WHAT THE TASK REQUIRES: Beneath this line is the data. Output exactly the lines from the line with "[upl. by Benenson]" to the line with "Middengrote SUV Electric", both ends included, and nothing more.

EXERCISE DATA:
↓
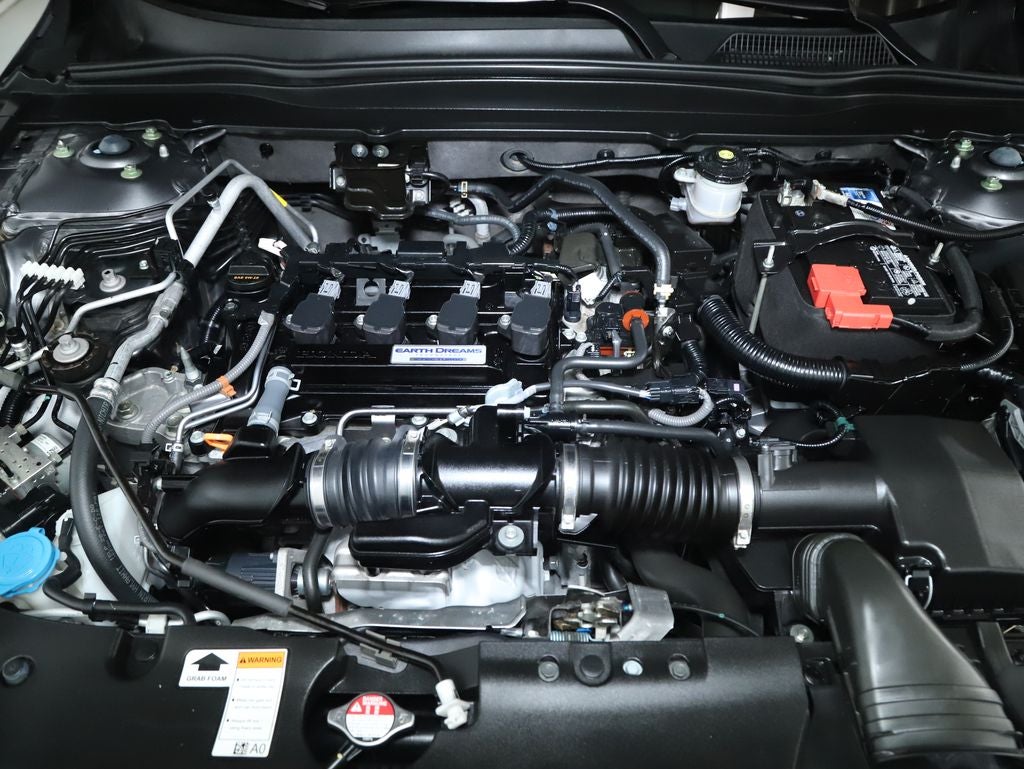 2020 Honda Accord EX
↑
↓
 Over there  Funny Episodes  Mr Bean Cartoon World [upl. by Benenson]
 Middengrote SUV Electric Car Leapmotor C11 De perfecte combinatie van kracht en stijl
↑
COMPLETED EXERCISE:
 Over there  Funny Episodes  Mr Bean Cartoon World [upl. by Benenson]
 Middengrote SUV Electric Car Leapmotor C11 De perfecte combinatie van kracht en stijl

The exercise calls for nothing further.